I’ve subscribed to Christopher Ingraham‘s new Substack blog of graphical data dives called The Why Axis, and the first week hasn’t disappointed. I’m sure to learn a few things and get some ideas to make my own work better. The first data post, Getting our drink on, is about alcohol sales in the US and includes this choropleth map.
The two things that first stood out to me were the irregular color scale and the artificial dot for DC. Non-linear color scales are not that uncommon, but it’s still something to be aware of since it can shift the data focus. I hadn’t seen the DC dot before, but it makes perfect sense since DC would otherwise be too small to see in this map.
I downloaded the data from the NIH site and started exploring. I quickly recalled all the choices that needed to be made in making such a seemingly straightforward map. The choices might be grouped into three main areas: data transformation, map projection and color scale.
Data transformation choices
The first issue I ran into after getting the data was that the map shows “per-capita annual glasses of wine consumed” but the data has gallons of ethanol sales by beverage type. Sales is not quite the same as consumption especially with people crossing state lines, but it’s close enough under Rumsfeld’s rule of data science:
You analyze the data that you have, not the data that you want or wish to have at a later time.Rumsfeld‘s rule of data science
In some ways, that’s the great strength and the great weakness of much data science.

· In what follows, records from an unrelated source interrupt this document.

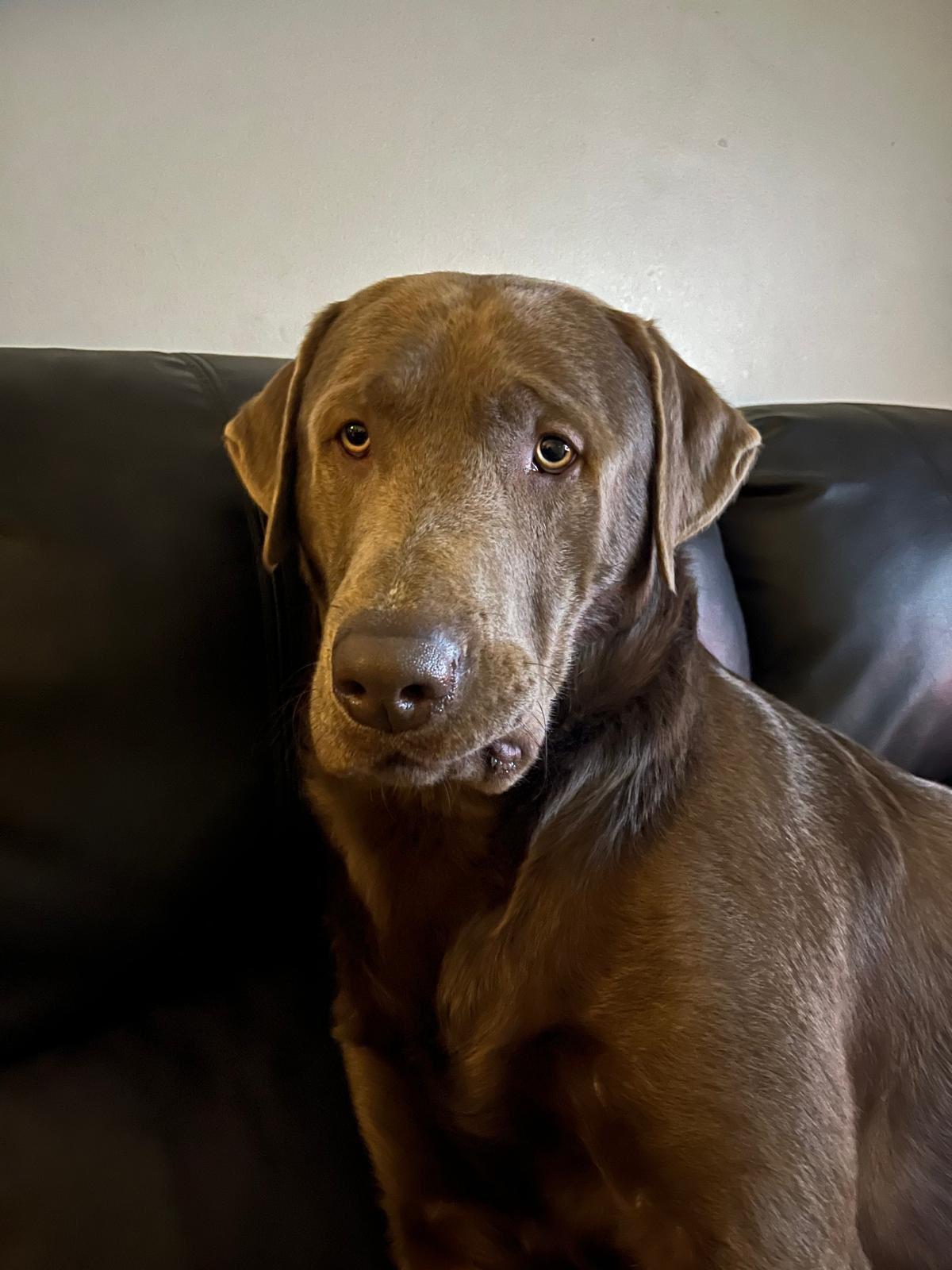 Enlarge Duke, a ADOPTABLE Labrador Retriever in Warrington, PA image 4/6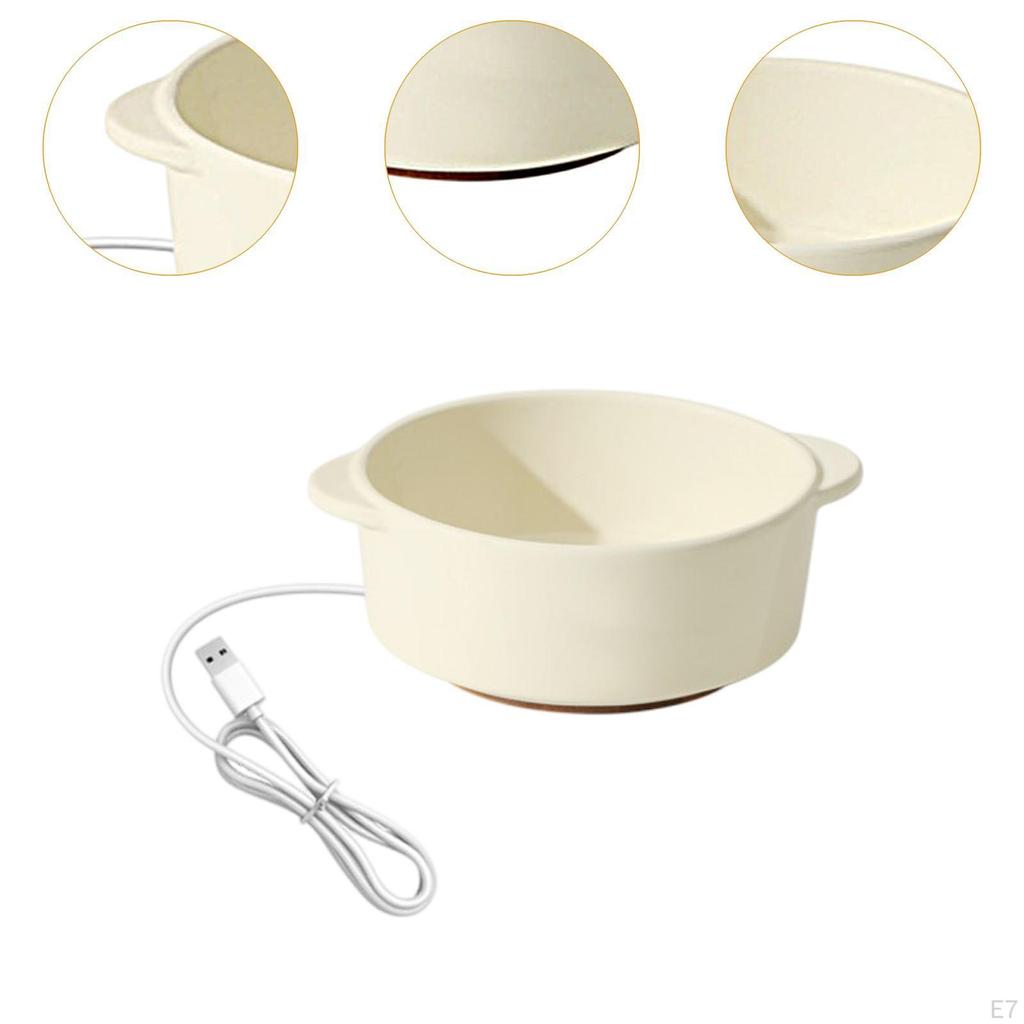 Pet Heated Bowl Ceramic Waterer Elevated Cat Dog Feeding for Winter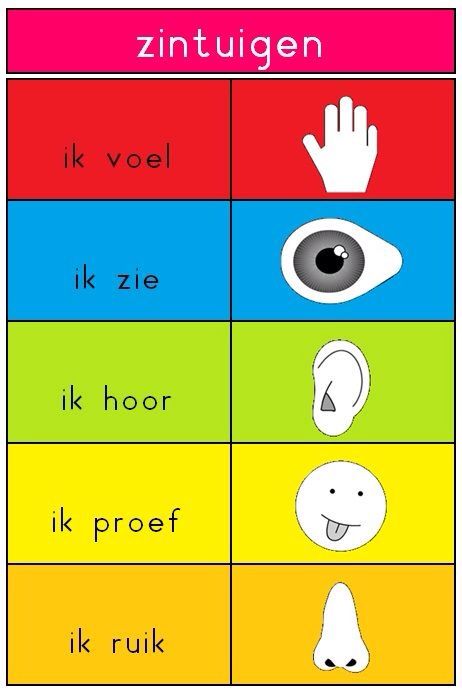 Zintuigen Five Senses Preschool, My Five Senses, Learn Dutch, Learn - Wat Zijn De 5 Zintuigen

Ingraham mentions New Hampshire sales being artificially high because of lower alcohol taxes than neighboring Massachusetts, and I imagine DC is artificially high because of its commuter city nature. Can’t explain Vermont, though.
There’s still the issue of converting gallons of ethanol to glasses of wine. I found that standard wine glasses vary from 5 to 6 ounces and ethanol per wine volume varies from 5.5 to 16%. The source data does have pre-calculated gallons of beverage, assuming 12% alcohol for wine, and I used 5 ounces for the wine glass size. The meaning of per-capita is also a choice; the data provided populations for 14-and-over and 21-and-over groups. The latter seems more relevant, but for comparison I followed the map’s use of the former group. Still, my numbers were a little less than the map shows (201 for DC instead of 215), so I made a scaling correction for better comparison of other choices.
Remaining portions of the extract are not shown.